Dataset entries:

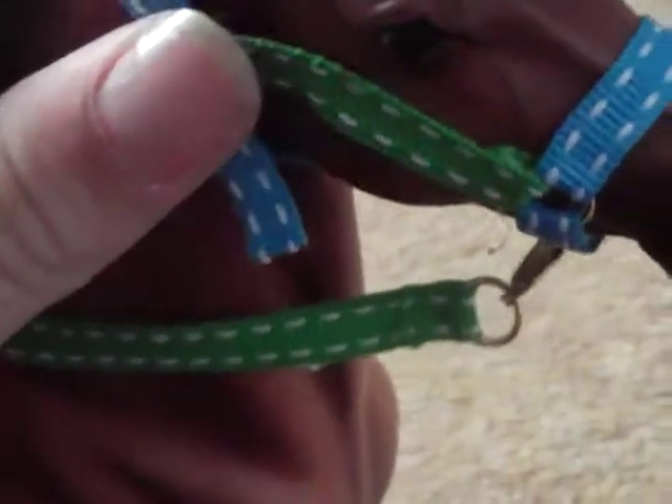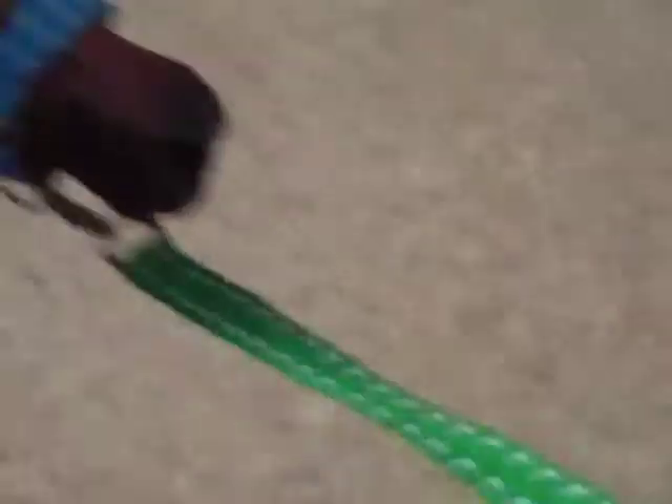So yeah, the halters with the lead rope are going to be about £1.50 with postage.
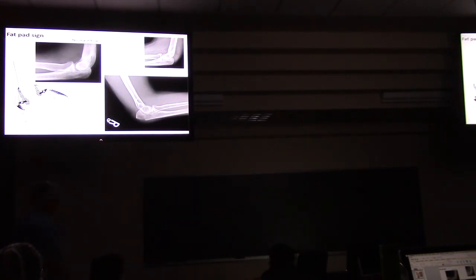Question: Where is the fat normally? The fat is inside the capsule of the joint, in the olecranon fossa. When the bone swells, it pushes that fat out — and that's when you can see it on x-ray.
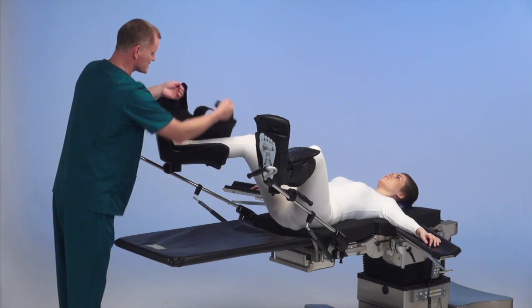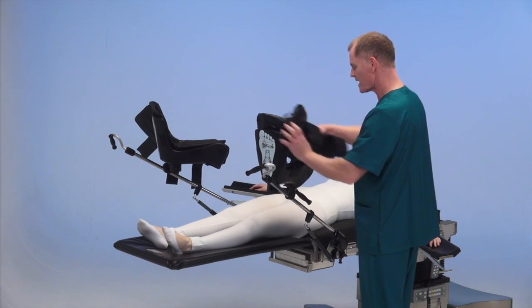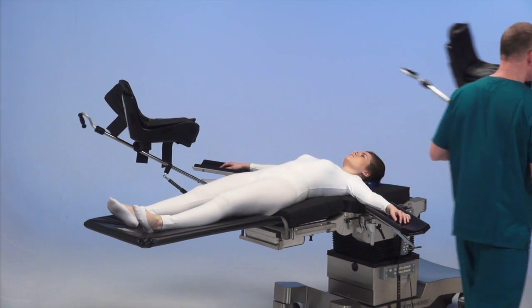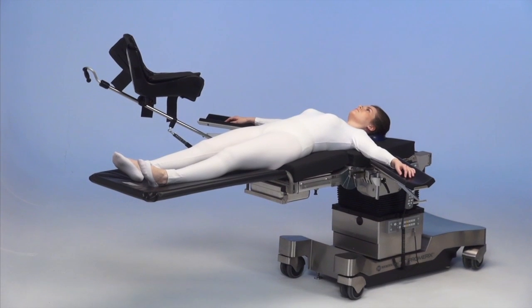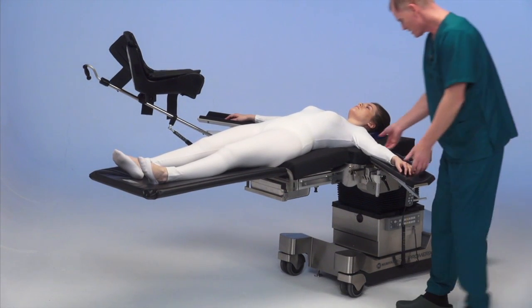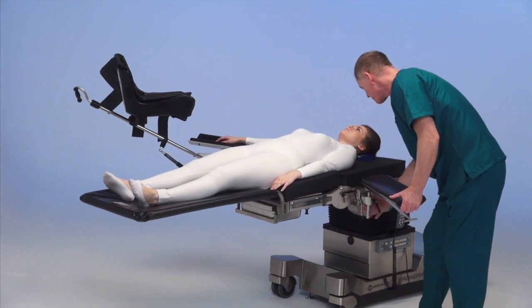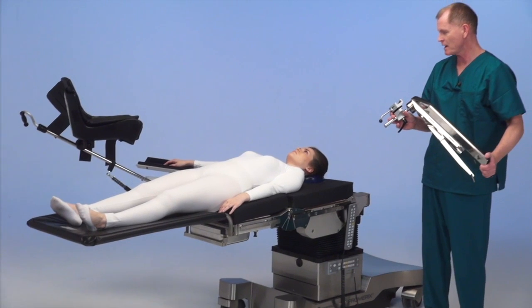We remove the legs from the stirrups and place them back on the transfer board, then remove the stirrup and the armboard to transfer the patient back to the gurney and out of the operating room.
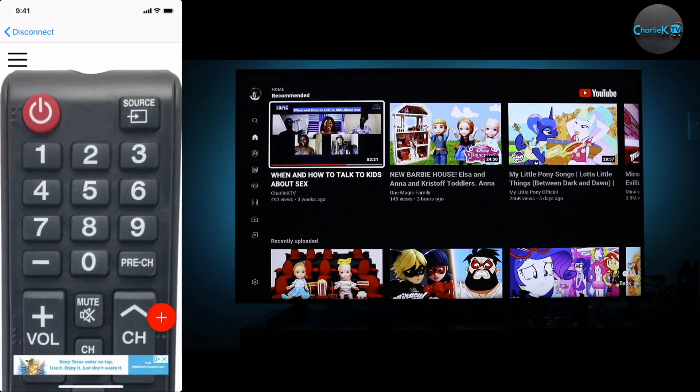When you do that, the remote will come up like this on your phone, and that's it.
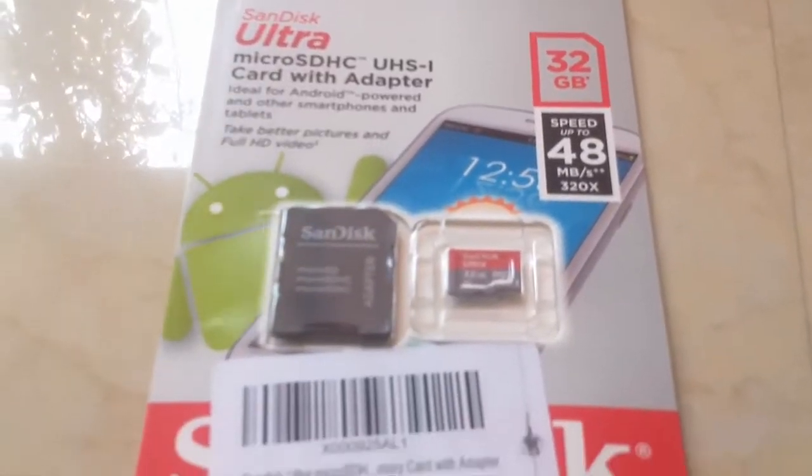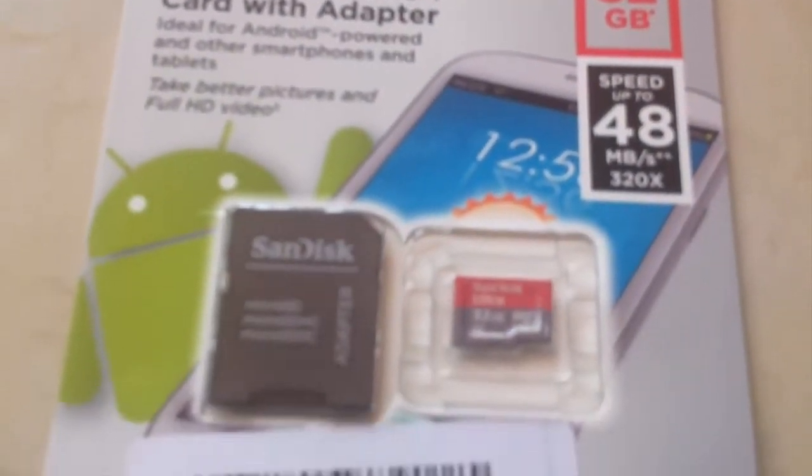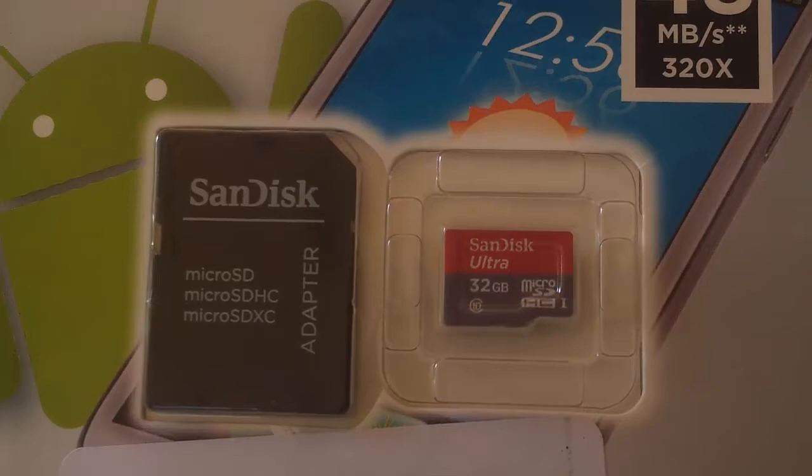About this card — this is the sixth time I've purchased this same card from amazon.in, for me and for my friends. All six cards are working fine, there is no problem. Some reviews on amazon.in say that this card is fake, but for me all six cards are working fine.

Activity
Could you reproduce every record above exactly, leaving out any pictures?

Response to this task
So yeah, the halters with the lead rope are going to be about £1.50 with postage.
Question: Where is the fat normally? The fat is inside the capsule of the joint, in the olecranon fossa. When the bone swells, it pushes that fat out — and that's when you can see it on x-ray.
We remove the legs from the stirrups and place them back on the transfer board, then remove the stirrup and the armboard to transfer the patient back to the gurney and out of the operating room.
When you do that, the remote will come up like this on your phone, and that's it.
About this card — this is the sixth time I've purchased this same card from amazon.in, for me and for my friends. All six cards are working fine, there is no problem. Some reviews on amazon.in say that this card is fake, but for me all six cards are working fine.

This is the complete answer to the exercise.